In this context, we need to understand what Russia and the United States have formulated in conceptual terms, and we need to track the vision of a joint future that Moscow and Washington offer to the African continent.

Lavrov’s tour of Africa: status proposals

In the third week of July, Russian Foreign Minister Sergey Lavrov visited four African states, including Egypt, the Republic of the Congo, Uganda and Ethiopia. At the talks in each country, the Russian position was enriched with some new details. Perhaps, the most important innovation in the dialogue with African countries has been their participation in global negotiation platforms and non-Western political institutions. In particular, Russia supported the idea of Egypt joining the SCO as a dialogue partner and the launch of the extended BRICS format, which is still under discussion.

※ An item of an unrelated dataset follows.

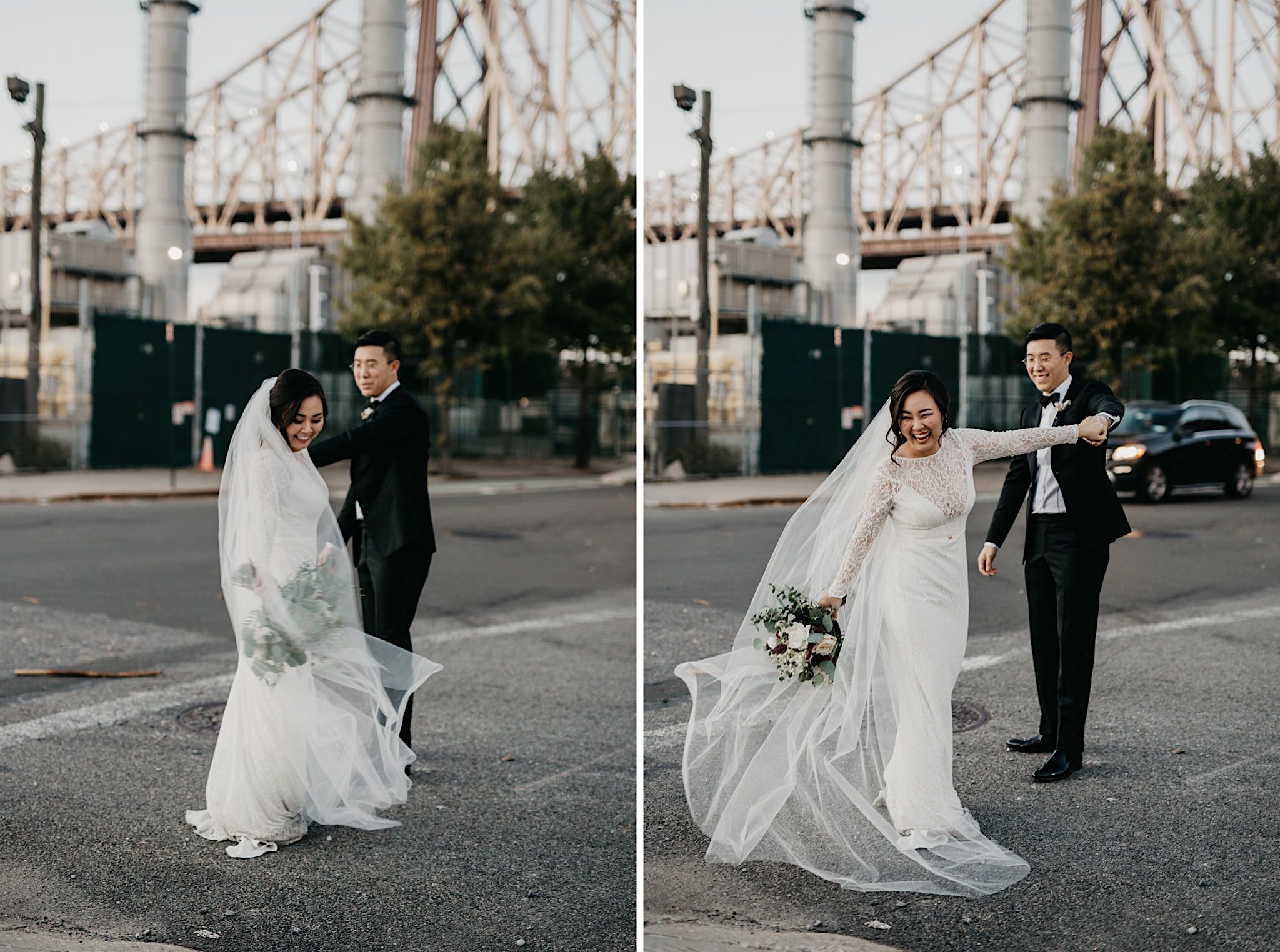 the foundry long island city wedding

For Cairo, institutional access to the Shanghai Cooperation Organization is more than the start of a dialogue on the terrorism-separatism-extremism triad. First, participation in the same security structure as China, India, and Russia noticeably strengthens the country’s position in balancing between the major centers of power. In 1987, Egypt received the status of a major non-NATO ally and annual military aid of $1.5-2 billion from the U.S. However, due to the current political instability in Washington, Cairo can no longer expect that the Egyptian army will have access to financial subsidies and technological innovations as a matter of course. While the head of Egypt was the “favorite dictator” for President Donald Trump, it was—for a long time—as if the country did not even exist for the Biden administration. Joe Biden’s first call to the head of an allied state, President al-Sisi, did not take place until a year and three months after the inauguration ceremony, and the first face-to-face meeting took place more than two and a half years later. Of course, it is unlikely that the game combination in this foreign policy endeavor is to cause “jealousy” of the United States. Still, the very involvement in the SCO could give the Egyptian diplomacy more room to maneuver and bargaining power with Washington, especially given the rhetoric of recent years on human rights.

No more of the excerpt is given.